PROVIDED MATERIAL

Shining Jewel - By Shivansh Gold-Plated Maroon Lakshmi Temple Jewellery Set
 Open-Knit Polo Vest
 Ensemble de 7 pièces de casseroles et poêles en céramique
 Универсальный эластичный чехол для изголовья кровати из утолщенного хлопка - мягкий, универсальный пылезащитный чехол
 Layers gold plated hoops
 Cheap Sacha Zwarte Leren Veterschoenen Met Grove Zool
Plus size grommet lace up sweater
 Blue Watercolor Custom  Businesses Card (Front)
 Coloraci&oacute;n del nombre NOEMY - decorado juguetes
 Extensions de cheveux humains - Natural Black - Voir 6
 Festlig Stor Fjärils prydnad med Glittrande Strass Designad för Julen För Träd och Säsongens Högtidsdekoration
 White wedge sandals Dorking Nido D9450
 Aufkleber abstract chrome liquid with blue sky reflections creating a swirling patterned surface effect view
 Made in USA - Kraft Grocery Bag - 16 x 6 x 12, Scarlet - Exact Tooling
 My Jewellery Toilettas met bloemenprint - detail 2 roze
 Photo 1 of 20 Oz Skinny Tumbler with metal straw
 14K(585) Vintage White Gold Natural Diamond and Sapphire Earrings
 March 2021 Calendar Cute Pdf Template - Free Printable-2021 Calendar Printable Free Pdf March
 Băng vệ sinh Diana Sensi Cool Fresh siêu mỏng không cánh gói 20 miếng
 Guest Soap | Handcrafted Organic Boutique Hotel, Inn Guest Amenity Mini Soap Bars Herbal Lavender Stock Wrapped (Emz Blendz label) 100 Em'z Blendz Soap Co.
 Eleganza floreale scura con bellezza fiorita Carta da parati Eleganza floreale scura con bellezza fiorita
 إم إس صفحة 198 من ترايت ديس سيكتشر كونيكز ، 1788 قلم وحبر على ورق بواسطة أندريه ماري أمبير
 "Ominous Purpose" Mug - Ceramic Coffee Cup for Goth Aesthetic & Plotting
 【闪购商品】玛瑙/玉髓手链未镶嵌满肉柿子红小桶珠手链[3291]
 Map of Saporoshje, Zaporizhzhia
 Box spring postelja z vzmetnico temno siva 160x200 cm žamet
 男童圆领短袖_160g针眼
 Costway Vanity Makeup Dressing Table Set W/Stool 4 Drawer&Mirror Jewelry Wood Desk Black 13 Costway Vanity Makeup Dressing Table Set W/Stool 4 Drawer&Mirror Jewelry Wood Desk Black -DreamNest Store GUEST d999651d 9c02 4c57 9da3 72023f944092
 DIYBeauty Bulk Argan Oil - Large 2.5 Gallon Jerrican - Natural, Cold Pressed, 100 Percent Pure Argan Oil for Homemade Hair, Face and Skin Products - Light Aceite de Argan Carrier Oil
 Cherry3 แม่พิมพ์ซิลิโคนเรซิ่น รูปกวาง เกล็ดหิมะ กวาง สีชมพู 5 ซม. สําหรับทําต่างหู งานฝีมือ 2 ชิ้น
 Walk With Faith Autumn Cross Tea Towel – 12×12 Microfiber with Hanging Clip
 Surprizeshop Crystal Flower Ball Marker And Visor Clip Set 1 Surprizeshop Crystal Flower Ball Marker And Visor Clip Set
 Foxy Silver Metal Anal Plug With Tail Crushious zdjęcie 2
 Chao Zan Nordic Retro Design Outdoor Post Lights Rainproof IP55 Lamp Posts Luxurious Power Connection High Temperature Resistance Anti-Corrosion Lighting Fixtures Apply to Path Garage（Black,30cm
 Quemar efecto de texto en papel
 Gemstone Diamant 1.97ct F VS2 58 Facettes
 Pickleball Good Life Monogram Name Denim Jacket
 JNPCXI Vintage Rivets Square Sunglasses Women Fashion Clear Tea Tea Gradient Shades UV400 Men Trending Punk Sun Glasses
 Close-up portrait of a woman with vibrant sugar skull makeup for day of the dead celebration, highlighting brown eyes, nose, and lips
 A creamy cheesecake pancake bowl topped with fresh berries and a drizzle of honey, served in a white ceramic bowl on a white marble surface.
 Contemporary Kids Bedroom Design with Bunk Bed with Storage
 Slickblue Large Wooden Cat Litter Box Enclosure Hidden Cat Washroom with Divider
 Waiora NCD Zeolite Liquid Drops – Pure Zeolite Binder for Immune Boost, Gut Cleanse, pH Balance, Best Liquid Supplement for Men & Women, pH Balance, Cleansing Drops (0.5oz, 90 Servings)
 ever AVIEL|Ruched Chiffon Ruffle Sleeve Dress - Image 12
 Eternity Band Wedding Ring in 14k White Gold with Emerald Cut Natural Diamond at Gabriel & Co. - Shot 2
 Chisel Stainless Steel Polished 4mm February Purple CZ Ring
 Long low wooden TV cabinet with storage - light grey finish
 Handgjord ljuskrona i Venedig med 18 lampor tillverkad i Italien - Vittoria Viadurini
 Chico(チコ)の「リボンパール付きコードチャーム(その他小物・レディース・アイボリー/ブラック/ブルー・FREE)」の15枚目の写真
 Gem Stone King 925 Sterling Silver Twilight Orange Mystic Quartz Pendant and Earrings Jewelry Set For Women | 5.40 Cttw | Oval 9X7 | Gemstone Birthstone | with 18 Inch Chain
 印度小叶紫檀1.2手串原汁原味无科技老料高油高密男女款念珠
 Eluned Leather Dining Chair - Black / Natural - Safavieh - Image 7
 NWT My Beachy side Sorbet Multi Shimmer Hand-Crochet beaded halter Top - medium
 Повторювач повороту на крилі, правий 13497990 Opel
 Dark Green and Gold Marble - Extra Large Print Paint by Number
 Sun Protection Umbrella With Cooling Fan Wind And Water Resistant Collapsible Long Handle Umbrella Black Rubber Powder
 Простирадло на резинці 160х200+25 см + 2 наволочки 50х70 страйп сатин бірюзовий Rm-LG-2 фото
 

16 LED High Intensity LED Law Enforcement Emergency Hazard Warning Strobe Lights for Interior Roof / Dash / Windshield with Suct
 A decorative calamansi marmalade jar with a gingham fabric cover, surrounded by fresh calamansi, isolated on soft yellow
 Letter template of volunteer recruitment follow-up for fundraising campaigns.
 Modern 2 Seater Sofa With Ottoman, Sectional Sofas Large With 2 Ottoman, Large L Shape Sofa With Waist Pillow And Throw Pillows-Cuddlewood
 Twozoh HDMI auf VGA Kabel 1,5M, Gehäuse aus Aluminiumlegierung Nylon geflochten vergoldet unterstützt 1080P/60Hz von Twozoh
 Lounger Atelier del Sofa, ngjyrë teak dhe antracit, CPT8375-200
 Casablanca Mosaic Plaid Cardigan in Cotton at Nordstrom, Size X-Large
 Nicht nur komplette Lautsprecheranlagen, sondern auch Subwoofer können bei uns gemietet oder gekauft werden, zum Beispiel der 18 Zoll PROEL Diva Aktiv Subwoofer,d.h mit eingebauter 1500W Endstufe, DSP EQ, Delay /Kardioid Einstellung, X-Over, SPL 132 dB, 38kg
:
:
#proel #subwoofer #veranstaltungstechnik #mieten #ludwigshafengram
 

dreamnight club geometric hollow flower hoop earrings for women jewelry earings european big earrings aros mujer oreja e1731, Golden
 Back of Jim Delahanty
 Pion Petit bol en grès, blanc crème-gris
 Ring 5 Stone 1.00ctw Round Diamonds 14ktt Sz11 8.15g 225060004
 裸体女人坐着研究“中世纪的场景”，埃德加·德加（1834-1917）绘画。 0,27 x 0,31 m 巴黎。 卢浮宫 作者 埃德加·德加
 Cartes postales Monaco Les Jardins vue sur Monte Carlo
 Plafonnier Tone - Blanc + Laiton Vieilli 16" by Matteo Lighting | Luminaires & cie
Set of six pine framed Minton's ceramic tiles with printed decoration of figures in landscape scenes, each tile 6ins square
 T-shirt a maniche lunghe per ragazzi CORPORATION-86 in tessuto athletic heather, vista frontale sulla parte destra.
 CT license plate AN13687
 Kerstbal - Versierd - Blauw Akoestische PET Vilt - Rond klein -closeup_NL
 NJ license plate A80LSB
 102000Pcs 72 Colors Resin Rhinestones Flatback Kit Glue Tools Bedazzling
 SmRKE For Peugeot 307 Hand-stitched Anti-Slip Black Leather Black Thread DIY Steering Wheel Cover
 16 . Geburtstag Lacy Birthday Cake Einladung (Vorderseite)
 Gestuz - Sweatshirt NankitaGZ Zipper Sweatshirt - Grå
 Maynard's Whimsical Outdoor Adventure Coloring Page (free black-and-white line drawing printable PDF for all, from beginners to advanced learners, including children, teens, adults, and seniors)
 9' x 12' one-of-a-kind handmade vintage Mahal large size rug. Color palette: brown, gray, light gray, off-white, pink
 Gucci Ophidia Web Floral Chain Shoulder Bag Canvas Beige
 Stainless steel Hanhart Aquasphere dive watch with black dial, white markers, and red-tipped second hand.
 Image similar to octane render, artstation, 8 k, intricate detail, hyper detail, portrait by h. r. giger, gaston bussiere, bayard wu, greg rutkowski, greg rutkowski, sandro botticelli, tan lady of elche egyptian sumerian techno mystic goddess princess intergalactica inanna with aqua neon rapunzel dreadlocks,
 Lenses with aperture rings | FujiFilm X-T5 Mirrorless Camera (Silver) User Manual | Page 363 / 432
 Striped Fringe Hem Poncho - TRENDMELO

WORK REQUEST
Check each line of the entries for the word "Sofa", then state the count alone.

REPLY
2